Member of the Georgia Senate from the 28th district
- In office January 2011 – January 2017
- Preceded by: Mitch Seabaugh
- Succeeded by: Matt Brass

Personal details
- Born: April 8, 1963 (age 63)
- Party: Republican
- Spouse: Tracey
- Children: 2
- Education: Georgia Institute of Technology (BS)

= Mike Crane =

American politician (born 1963)

Mike Crane (born April 8, 1963) is a former Republican member of the Georgia State Senate from the 28th District.
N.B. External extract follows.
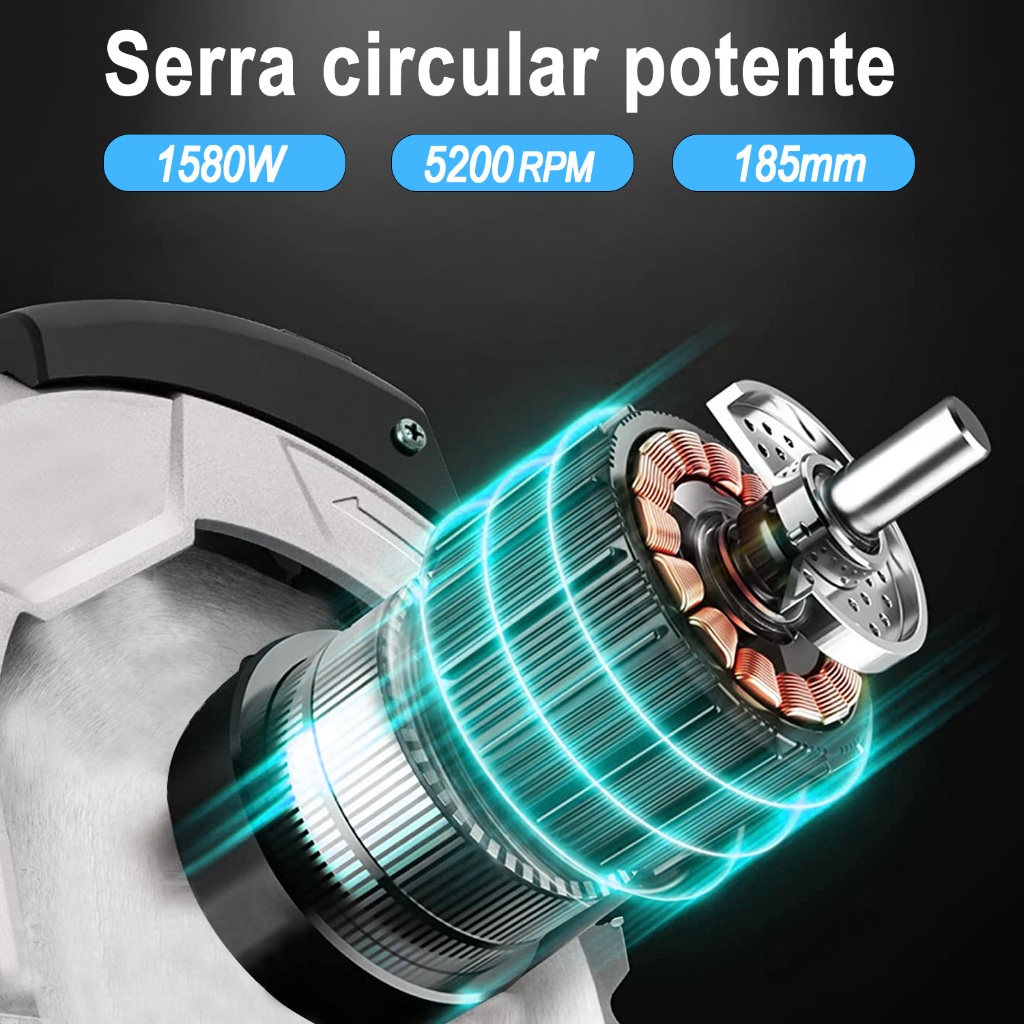 110v/220v Serra Circular Profissional 1580w para Madeira com Guia Laser E Disco, Dobevi · foto 2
Prior to his election to the state senate, Crane was the Republican nominee for the U.S. House of Representatives in Georgia's 13th congressional district in 2010.

==Political career==
Mike Crane challenged David Scott, the Democratic incumbent congressman from the Georgia-13th, in 2010, but lost the race. In October 2011, State Senator Mitch Seabaugh resigned from the Georgia State Senate and a special election was called, which Crane won. Crane was re-elected in 2012 and 2014.

On January 20, 2016, Crane announced his candidacy for Congress in Georgia's 3rd congressional district to replace the retiring Lynn Westmoreland. He lost the primary runoff election to Drew Ferguson.

Crane served as Chairman of the Third District Republican Party from 2017–24 and in 2024 announced his candidacy for Congress after Ferguson retired. Crane has been endorsed by Ted Cruz, Kris Kobach and Tom Tancredo.